The We the People Bookshelf project for libraries is a national grant initiative that provides classic children’s literature to school and public libraries. In 2008, 3,000 school and public libraries in all 50 U.S. states received We the People Bookshelf grants. These libraries received free hardcover editions of 17 classic books on the theme of “Created Equal.” The awards are part of the National Endowment for the Humanities We the People initiative, which supports projects that strengthen the teaching, study and understanding of American history and culture. Choctaw Elementary School was one of the schools that received the grant this year.
The
We the People Bookshelf will be housed in a special area in the
non-fiction section of the library. Parents, as well as students, are
welcome to check out these books. We also received a History in a Box
Kit on Abraham Lincoln kit, developed by the Gilder Lehrman Institute of
American History, that contains a resource book (print and CD formats), DVD,
interactive CD-ROM, and posters, featuring primary source documents,
photographs, artwork, maps, songs, and other teaching resources, that
teachers will be able to check out and use in their classrooms. Each
student received a We the People Bookshelf bookmark during the Rise and
Shine Assembly on Friday, May 2, 2008.
The
We the People Bookshelf on “Created
Equal” includes the following books:
·
Grades
K-3:
“The Ugly Duckling” by Hans
Christian Anderson, “The Gettysburg Address” by Abraham Lincoln, and “Pink
and Say” by Patricia Polacco.
·
Grades
4-6:
“Elijah of Buxton” by Christopher Paul Curtis, “Give Me Liberty!

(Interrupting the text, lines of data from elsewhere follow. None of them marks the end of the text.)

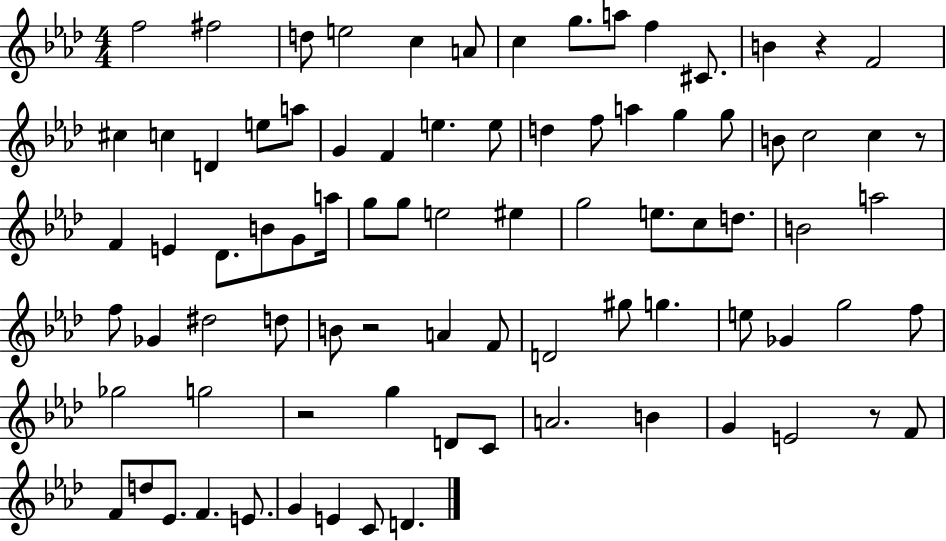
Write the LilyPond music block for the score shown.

{
  \clef treble
  \numericTimeSignature
  \time 4/4
  \key aes \major
  f''2 fis''2 | d''8 e''2 c''4 a'8 | c''4 g''8. a''8 f''4 cis'8. | b'4 r4 f'2 | \break cis''4 c''4 d'4 e''8 a''8 | g'4 f'4 e''4. e''8 | d''4 f''8 a''4 g''4 g''8 | b'8 c''2 c''4 r8 | \break f'4 e'4 des'8. b'8 g'8 a''16 | g''8 g''8 e''2 eis''4 | g''2 e''8. c''8 d''8. | b'2 a''2 | \break f''8 ges'4 dis''2 d''8 | b'8 r2 a'4 f'8 | d'2 gis''8 g''4. | e''8 ges'4 g''2 f''8 | \break ges''2 g''2 | r2 g''4 d'8 c'8 | a'2. b'4 | g'4 e'2 r8 f'8 | \break f'8 d''8 ees'8. f'4. e'8. | g'4 e'4 c'8 d'4. | \bar "|."
}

The Story of the Declaration of Independence” by Russell Freedman, “Lincoln:
A Photobiography” By Russell Freedman, “Many Thousand Gone: African
Americans from Slavery to Freedom” by Virginia Hamilton, and “Lyddie” by
Katherine Paterson.
· Grades 7-8: “Saturnalia” by Paul Fleishman, “Freedom Walkers: The Story of the Montgomery Bus Boycott” by Russell Freedman, “Abraham Lincoln the Writer: A Treasury of His Greatest Speeches and Letters” edited by Harold Holzer, and “Breaking Through” by Francisco Jiménez.
· Grades 9-12: “Abigail Adams: Witness to a Revolution” by Natalie S. Bober, “That All People May Be One People, Send Rain to Wash the Face of the Earth” by Nez Perce Chief Joseph, “Flowers for Algernon” by Daniel Keyes, “Lincoln’s Virtues: An Ethical Biography” by William Lee Miller, and “Amistad: A Novel” by David Pesci.